>>>

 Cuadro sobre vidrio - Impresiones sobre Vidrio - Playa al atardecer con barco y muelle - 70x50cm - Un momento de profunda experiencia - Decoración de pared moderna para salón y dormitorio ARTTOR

<<<
>>>

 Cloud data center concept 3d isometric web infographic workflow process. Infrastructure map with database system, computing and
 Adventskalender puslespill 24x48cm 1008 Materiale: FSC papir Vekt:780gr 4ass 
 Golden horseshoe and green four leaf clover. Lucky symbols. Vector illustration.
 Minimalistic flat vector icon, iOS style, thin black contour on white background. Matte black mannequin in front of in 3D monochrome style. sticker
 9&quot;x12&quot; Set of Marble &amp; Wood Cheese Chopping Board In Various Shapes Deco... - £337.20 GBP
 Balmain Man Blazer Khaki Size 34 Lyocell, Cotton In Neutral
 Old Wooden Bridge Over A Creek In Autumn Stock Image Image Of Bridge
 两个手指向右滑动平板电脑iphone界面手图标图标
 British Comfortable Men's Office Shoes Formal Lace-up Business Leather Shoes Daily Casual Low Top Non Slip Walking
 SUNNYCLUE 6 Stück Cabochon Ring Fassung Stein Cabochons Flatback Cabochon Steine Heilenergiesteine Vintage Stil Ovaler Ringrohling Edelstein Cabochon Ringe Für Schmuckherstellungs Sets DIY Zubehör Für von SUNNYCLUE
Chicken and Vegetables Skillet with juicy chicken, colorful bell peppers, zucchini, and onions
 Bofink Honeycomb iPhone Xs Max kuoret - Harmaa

<<<
>>>

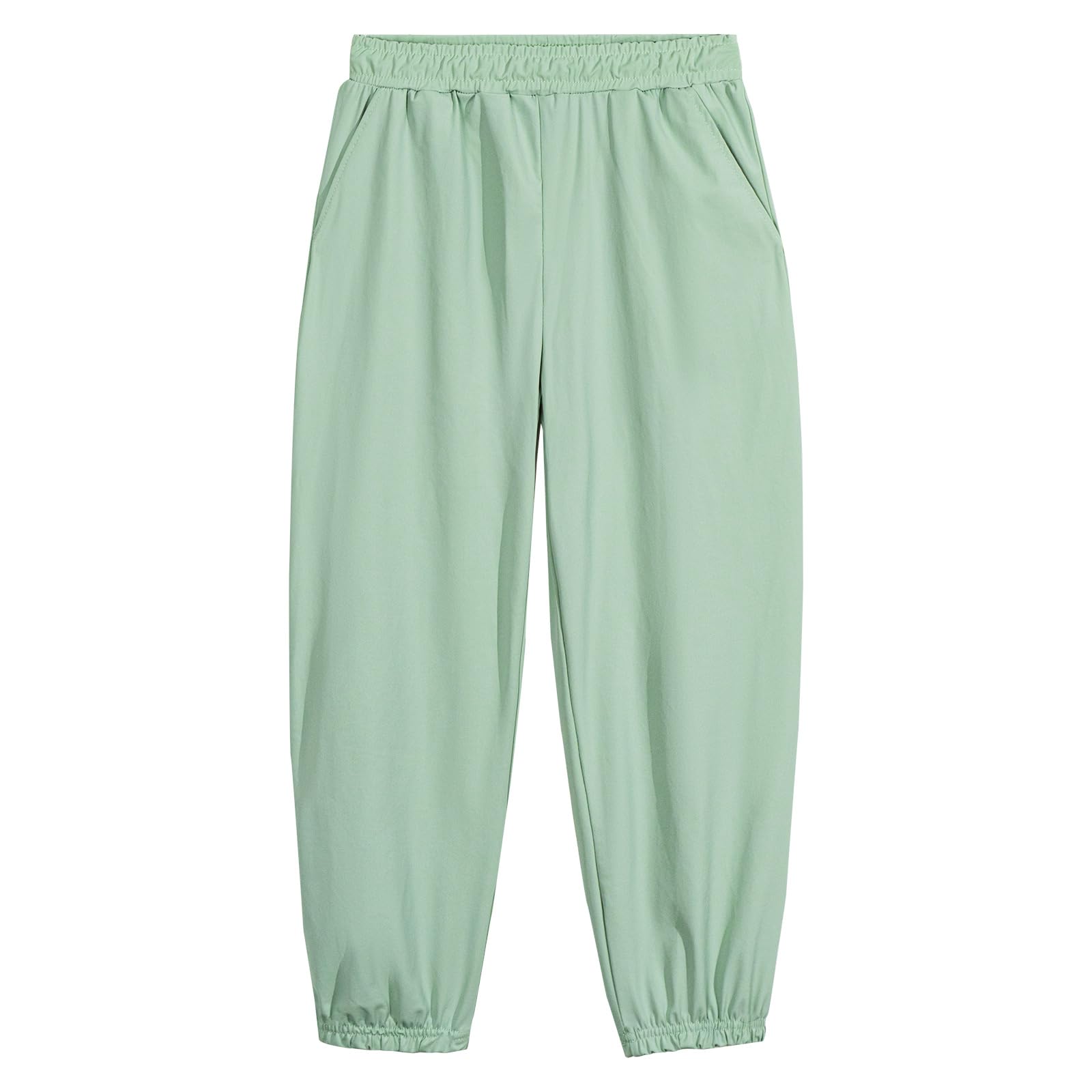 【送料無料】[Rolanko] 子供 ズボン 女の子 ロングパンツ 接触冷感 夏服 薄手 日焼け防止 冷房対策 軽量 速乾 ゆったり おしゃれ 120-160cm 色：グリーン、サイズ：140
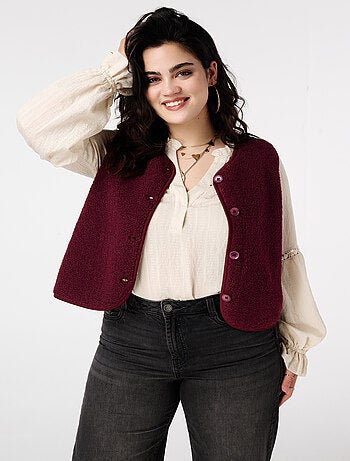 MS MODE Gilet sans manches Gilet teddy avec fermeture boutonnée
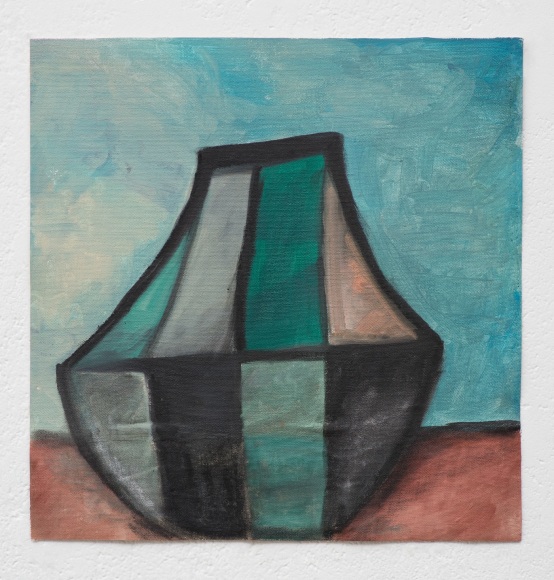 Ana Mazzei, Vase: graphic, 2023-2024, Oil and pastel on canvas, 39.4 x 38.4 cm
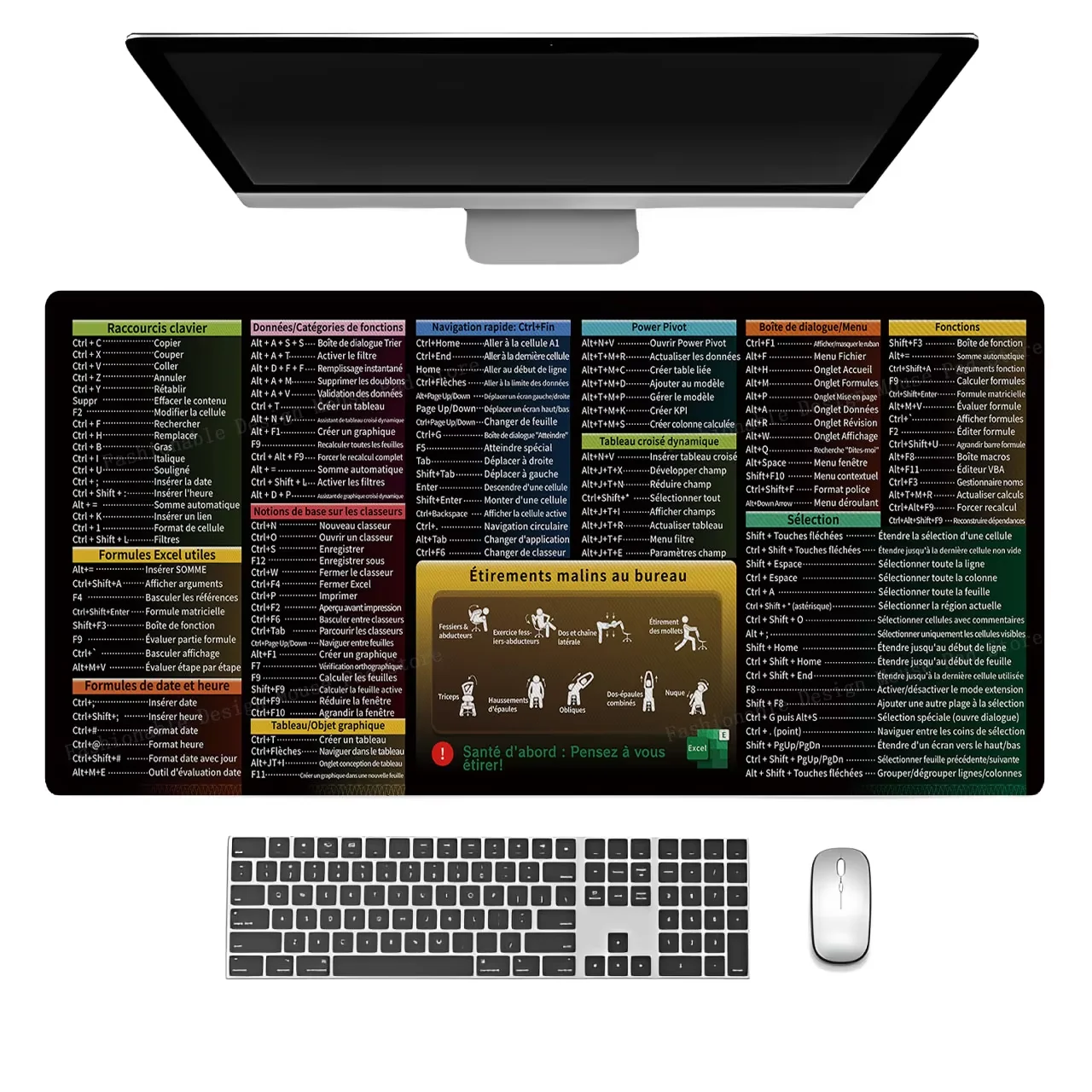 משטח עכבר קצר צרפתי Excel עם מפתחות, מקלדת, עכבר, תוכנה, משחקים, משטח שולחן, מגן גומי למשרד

<<<

Set the pictures aside and reproduce exactly the lines above, from the line holding "おしゃれ 120-160cm 色：グリーン、サイズ：140" through the line holding "Ana Mazzei, Vase: graphic, 2023-2024, Oil", both included, with nothing else.

 【送料無料】[Rolanko] 子供 ズボン 女の子 ロングパンツ 接触冷感 夏服 薄手 日焼け防止 冷房対策 軽量 速乾 ゆったり おしゃれ 120-160cm 色：グリーン、サイズ：140
 MS MODE Gilet sans manches Gilet teddy avec fermeture boutonnée
 Ana Mazzei, Vase: graphic, 2023-2024, Oil and pastel on canvas, 39.4 x 38.4 cm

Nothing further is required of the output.